The Case of the Missing Hen
Not all who are lost want to be found. (A more hopeful story in what feels like a very heavy and heart-breaking world right now.)
When Ric and I first moved to our ten acres of pure potential on the Mornington Peninsula, one of the first things we did, was get chickens. Four Hyline Brown egg-laying girls, each with a coloured ring on her leg so they could be identified and named by the grandkids: White for Pandy Pop-pop, Blue for Ocean, Green for Lorna and Red for Snowflake (grand-daughter Bella’s hen). Later we added five more to the flock, no rings, no names. Too many to remember.
Our chooks are the best pets — busy, social, ridiculous and sweet. They turn the soil, eat the grubs and give us delicious eggs in return. I love them much more than I expected to. Probably more than I should.
They’ve become free rangers in the afternoon often joining us on the porch as we rest on the couch or popping up at the window of the creative room where I write. Their quizzical looks make me smile. Perhaps they’re wondering why I’m sitting at a desk instead of digging the soil and turning up snails for them.
They have their own deluxe chicken-coop aptly named Chook Palazzo. Ric built it with his bare hands with pinewood milled from the land and with a whole lot of love, patience and persistence.
It’s our golden rule during the long winters to lock up our sweet friends by 5pm. Never after dark. Because that’s when the foxes come out to kill. Or when the powerful owls sweep silently through the trees hunting for their evening meal. Or when an off-leash dog along the road might suddenly find their hunting instincts.
This particular evening, we got distracted. It was 5:30pm before we wandered up to the Palazzo. We called them in, like always, and they came running — little claws scratching across the dirt, wings flapping, feathers puffed with pride and purpose. Eight of them, anyway.
One was missing. Bella’s Snowflake.
Anxious to find her before she became dinner for a wily fox, we did a lap of the property. Called. Searched. Looked under shrubs and behind trees. But there was no sign of her. She of the rich brown plumage and gentle curiosity was nowhere to be found.

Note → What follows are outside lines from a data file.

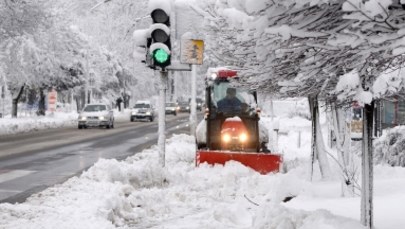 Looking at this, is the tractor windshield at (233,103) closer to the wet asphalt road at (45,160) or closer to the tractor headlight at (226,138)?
the tractor headlight at (226,138)

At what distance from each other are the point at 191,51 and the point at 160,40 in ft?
3.35

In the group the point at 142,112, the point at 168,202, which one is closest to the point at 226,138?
the point at 168,202

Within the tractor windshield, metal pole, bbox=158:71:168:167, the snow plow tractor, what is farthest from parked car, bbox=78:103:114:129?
metal pole, bbox=158:71:168:167

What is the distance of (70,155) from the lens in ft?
59.6

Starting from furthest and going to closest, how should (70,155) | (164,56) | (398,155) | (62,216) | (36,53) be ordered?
1. (36,53)
2. (70,155)
3. (398,155)
4. (164,56)
5. (62,216)

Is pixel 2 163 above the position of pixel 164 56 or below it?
below

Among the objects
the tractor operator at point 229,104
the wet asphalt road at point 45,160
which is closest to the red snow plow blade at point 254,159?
the tractor operator at point 229,104

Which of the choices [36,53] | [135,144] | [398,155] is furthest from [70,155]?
[36,53]

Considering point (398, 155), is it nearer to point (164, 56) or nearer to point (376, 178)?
point (376, 178)

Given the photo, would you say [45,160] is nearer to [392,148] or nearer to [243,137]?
[243,137]

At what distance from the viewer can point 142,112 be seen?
5028 cm

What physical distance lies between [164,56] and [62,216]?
4.37 meters

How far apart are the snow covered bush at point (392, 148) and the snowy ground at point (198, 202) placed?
2.56 metres

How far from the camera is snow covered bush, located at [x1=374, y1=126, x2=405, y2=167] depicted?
15078 millimetres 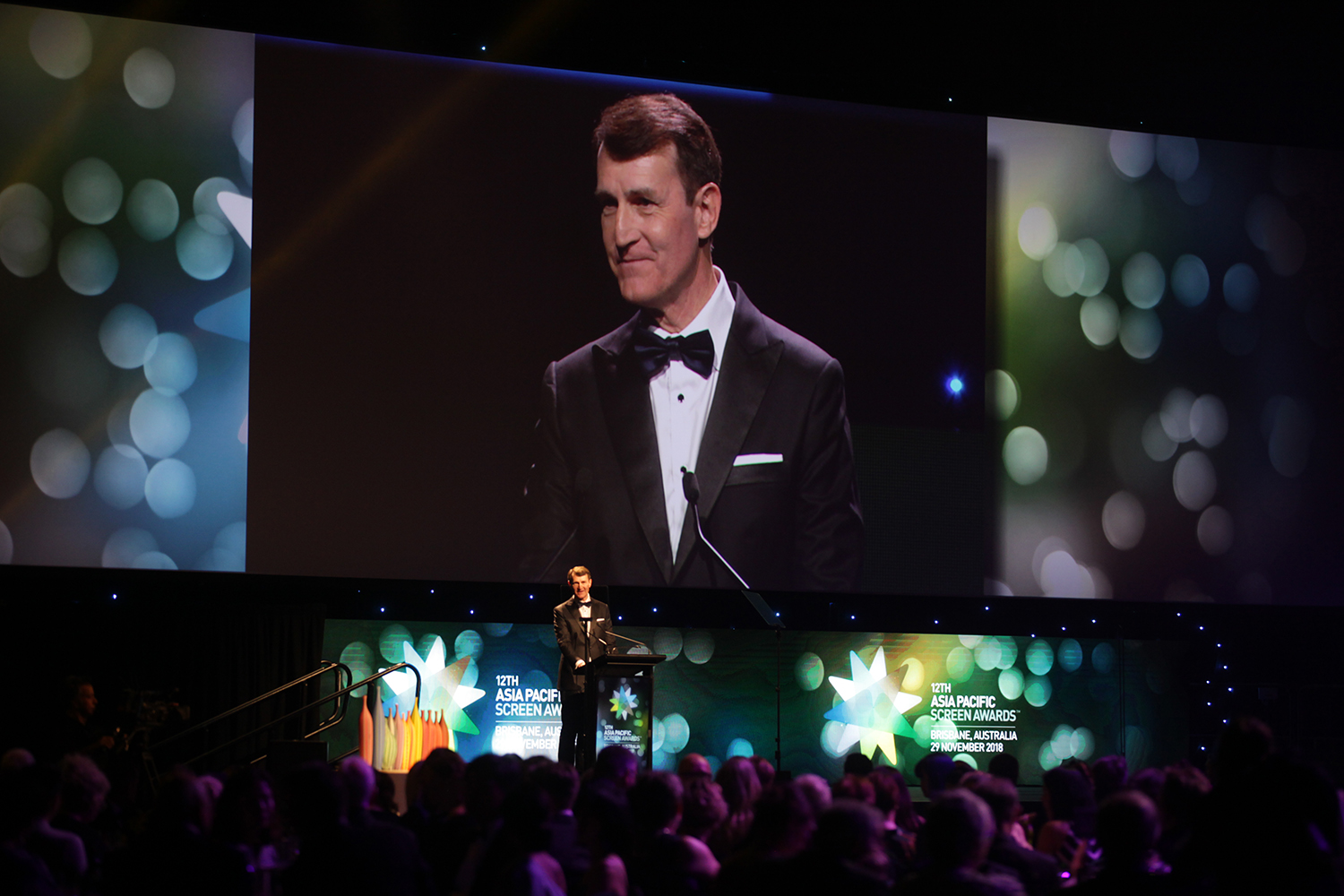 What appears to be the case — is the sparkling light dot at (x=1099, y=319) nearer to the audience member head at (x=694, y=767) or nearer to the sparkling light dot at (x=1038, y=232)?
the sparkling light dot at (x=1038, y=232)

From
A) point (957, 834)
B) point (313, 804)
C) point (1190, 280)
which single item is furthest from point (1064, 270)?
point (313, 804)

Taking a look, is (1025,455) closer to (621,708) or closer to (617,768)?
(621,708)

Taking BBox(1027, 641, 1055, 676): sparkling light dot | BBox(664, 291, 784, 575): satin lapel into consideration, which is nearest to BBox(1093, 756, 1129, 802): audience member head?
BBox(664, 291, 784, 575): satin lapel

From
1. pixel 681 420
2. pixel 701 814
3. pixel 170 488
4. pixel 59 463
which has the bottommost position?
pixel 701 814

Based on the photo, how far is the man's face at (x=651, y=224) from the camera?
366 inches

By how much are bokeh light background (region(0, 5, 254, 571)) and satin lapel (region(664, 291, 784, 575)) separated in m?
3.17

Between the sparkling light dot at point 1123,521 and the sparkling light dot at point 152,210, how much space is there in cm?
722

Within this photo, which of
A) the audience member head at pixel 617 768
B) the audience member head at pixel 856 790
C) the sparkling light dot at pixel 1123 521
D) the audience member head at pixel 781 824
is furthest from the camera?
the sparkling light dot at pixel 1123 521

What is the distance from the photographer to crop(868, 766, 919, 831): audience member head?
4.78 m

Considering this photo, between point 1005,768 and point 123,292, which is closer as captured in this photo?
point 1005,768

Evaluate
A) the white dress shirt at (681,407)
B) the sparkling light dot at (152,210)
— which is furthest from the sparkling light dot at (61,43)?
the white dress shirt at (681,407)

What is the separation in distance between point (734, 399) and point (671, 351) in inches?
22.9

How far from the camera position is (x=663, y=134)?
9.43 m

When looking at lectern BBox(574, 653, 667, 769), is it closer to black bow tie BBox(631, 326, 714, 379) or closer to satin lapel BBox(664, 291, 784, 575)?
satin lapel BBox(664, 291, 784, 575) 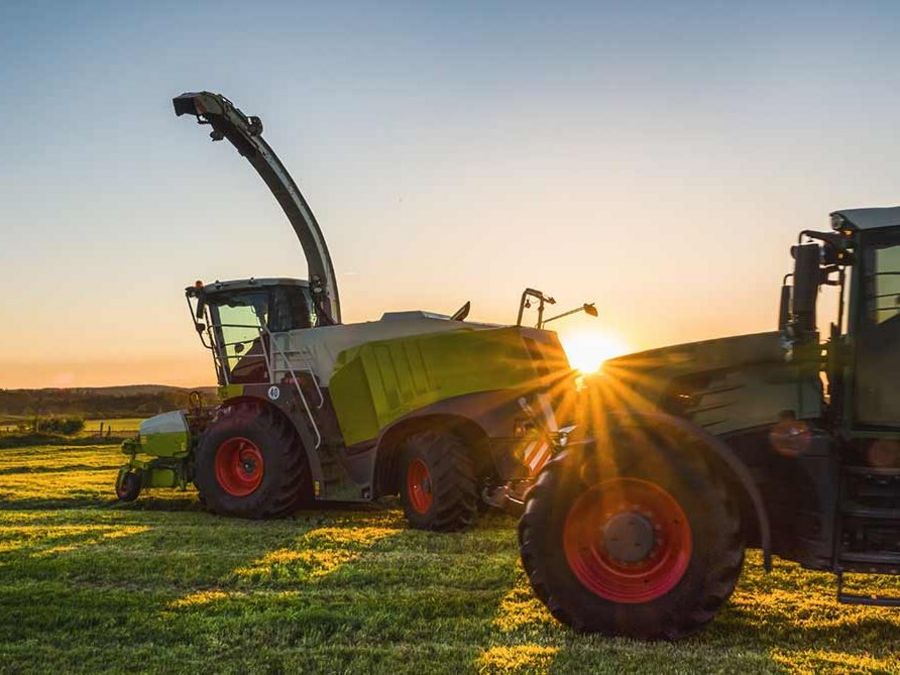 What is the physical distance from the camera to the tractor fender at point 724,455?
4.86 meters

We locked the rest away and went back inside, heavy with the kind of sorrow that comes not just from anticipated loss, but from knowing it was our fault. I sat by the fire, picturing her taken, caught by sharp teeth or strong talons. Dying alone, terrified. I even went out again at 10pm with a torch, scanning the bushes, hoping she’d be standing there waiting, repentant and cold. But still there was no sign of her.
That night I didn’t sleep. I tossed and turned, plagued by thoughts of what we might find the next morning. Feathers. Entrails. A carcass? Plagued also by the idea of our whole flock being pillaged. If a fox got a taste with Snowflake, would the rest survive? If we wanted them to be free-range and therefore truly happy, would they be picked off one by one until there were none?
In the grey light of early morning, we put on our boots and went straight out, heart braced to face the worst. We rounded the corner to the Palazzo — and there she was. Snowflake. Scratching outside the coop without a care in the world. Busy. Unbothered.
I was both astonished and tearful with joy.
Photo: Bella and Nonno with Snowflake in the summer holidays.
She hadn’t been lost. She hadn’t been taken. She hadn’t needed finding.
Snowflake had simply spent a night away. Alone. Unseen. Unaccounted for. She'd stepped into something more ancient and unpredictable. Something outside the confines of the coop and our control.
She’d had a night of wildness.
What struck me, even more than the fact she survived, was how calm she was. She wasn’t rattled. She wasn’t injured or panicked. She was fine. Like she knew something we didn’t.
And maybe she did.
Later that day, I remembered something too. A night of my own just two years ago, when I did a 24-hour vision quest in the wilderness as part of an immersive nature course. No fire. No tent. No food. No one nearby.
Just me, a mat beneath me, a sleeping bag and an immense sky that did not care I was there. I wasn’t comfortable. I wasn’t stressed. But I was alive, awake, alert yet somehow held by the land. And I came back from that night changed. Just a little stronger and a little more aware that we are not in control— that we don’t own life. We just get to witness it and adapt to it.
Maybe Snowflake did the same. Maybe she tucked herself up on the crook of a low branch and just waited, utterly still, while the moon moved overhead and the predators passed her by. Maybe she too felt the awe of being alone and tiny under the stars, yet somehow safe.
I like to think she claimed something that night. A sliver of freedom. A brush with untamed nature. A reminder that even here, in their well-tended and safe Chook Palazzo, the wild still calls.
We think we’re in charge, that if we lock the gate on time and do all the right things, we can keep everyone safe. But we can’t. Not always. The wild has its own rules. And sometimes, the ones we think need protecting just slip into the dark and come back stronger.
So now, every time I see Snowflake pecking for grubs and scratching around in the autumn leaves, I smile a little. Not just because she made it. But because she knows something the rest of us have forgotten.
That safety isn’t everything.
That wildness lives on.
And that sometimes, the ones we think are lost are just out there finding themselves.